TIA: Token Importance Transferable Attack on Vision Transformers.
Tingchao Fu,Fanxiao Li,Jinhong Zhang,Liang Zhu,Yuanyu Wang,Wei Zhou
DOI: https://doi.org/10.1007/978-981-97-0945-8_6
2024-01-01
Abstract:Vision transformers (ViTs) have witnessed significant progress in the past few years. Recently, the latest research revealed that ViTs are vulnerable to transfer-based attacks, in which attackers can use a local surrogate model to generate adversarial examples, then transfer these malicious examples to attack the target black-box ViT directly. Suffering from the threat of transfer-based attacks, it is challenging to deploy ViTs to security-critical tasks. Therefore, it becomes an exact need to explore the robustness of ViTs against transfer-based attacks. However, existing transfer-based attack methods do not fully consider the unique structure of ViT, and they indiscriminately attack the intermediate outputs token of ViTs, leading to the perturbations being focused on specific model information within the tokens, and further resulting in a limited transferability of the generated adversarial examples. To address the current limitations, we propose Token Importance Attack (TIA), a novel ViTs-oriented transfer-based attack method.

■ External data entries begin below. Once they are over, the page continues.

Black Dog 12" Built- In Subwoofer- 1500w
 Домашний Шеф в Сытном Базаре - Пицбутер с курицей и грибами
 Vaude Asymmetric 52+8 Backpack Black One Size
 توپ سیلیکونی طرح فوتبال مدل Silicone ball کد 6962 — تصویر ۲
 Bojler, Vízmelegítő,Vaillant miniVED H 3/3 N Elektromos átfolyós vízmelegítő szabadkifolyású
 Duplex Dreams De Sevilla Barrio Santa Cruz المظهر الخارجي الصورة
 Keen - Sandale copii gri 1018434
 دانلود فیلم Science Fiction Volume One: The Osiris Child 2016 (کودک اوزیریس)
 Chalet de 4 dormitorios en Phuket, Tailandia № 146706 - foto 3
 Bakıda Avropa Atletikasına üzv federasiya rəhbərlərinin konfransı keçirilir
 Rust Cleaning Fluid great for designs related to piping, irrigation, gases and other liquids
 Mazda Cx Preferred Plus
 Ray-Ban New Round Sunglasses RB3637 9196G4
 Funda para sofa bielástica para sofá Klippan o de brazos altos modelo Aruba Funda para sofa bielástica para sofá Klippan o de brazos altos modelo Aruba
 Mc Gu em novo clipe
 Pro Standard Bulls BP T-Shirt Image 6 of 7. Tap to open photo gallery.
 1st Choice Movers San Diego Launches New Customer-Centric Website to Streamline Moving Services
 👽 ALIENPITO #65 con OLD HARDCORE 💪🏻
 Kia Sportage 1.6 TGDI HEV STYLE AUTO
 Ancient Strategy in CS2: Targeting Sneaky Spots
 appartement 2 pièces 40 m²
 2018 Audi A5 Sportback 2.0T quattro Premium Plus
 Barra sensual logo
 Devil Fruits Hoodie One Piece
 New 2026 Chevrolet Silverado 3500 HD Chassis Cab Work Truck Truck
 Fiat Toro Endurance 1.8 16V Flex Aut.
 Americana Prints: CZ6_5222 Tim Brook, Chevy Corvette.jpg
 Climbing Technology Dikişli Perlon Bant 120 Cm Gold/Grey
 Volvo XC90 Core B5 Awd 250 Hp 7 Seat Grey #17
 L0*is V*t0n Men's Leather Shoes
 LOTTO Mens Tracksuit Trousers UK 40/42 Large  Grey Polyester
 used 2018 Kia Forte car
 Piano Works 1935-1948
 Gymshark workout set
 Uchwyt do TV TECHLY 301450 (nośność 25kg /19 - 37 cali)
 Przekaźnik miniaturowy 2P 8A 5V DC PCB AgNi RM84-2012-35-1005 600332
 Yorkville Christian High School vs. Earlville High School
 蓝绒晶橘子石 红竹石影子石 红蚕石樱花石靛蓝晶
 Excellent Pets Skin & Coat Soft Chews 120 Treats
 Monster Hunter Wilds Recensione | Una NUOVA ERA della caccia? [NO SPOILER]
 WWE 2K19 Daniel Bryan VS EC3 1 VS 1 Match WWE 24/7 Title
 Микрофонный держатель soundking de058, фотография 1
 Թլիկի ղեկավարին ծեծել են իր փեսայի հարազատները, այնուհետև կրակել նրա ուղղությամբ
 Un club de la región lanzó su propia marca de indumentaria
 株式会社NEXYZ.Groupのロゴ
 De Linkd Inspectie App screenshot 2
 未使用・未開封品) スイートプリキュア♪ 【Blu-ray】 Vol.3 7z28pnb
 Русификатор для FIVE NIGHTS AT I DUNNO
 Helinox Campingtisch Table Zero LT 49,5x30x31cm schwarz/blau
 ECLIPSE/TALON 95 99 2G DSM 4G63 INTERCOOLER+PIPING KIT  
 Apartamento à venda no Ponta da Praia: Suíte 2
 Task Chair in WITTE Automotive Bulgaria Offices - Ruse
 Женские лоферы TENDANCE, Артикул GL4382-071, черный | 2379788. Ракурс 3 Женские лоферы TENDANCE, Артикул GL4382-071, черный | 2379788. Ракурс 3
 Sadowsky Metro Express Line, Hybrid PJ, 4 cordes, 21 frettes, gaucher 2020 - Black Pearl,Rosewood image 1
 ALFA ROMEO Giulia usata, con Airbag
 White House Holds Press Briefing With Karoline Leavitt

Specifically, we introduce Randomly Shuffle Patches (RSP) strategy to expand the diversity of the input space. By applying RSP, we can generate multiple shuffled images from a single image, allowing us to obtain multiple token gradients. Then TIA ensembles these token gradients of shuffled images as a guide map to focus the perturbation on the model-independent information in the token rather than model-specific information. Benefiting from these two components, TIA can avoid overfitting to the surrogate model, thus enhancing the transferability of the crafted adversarial examples. Extensive experiments conducted on common datasets with different ViTs and CNNs have demonstrated the effectiveness of TIA.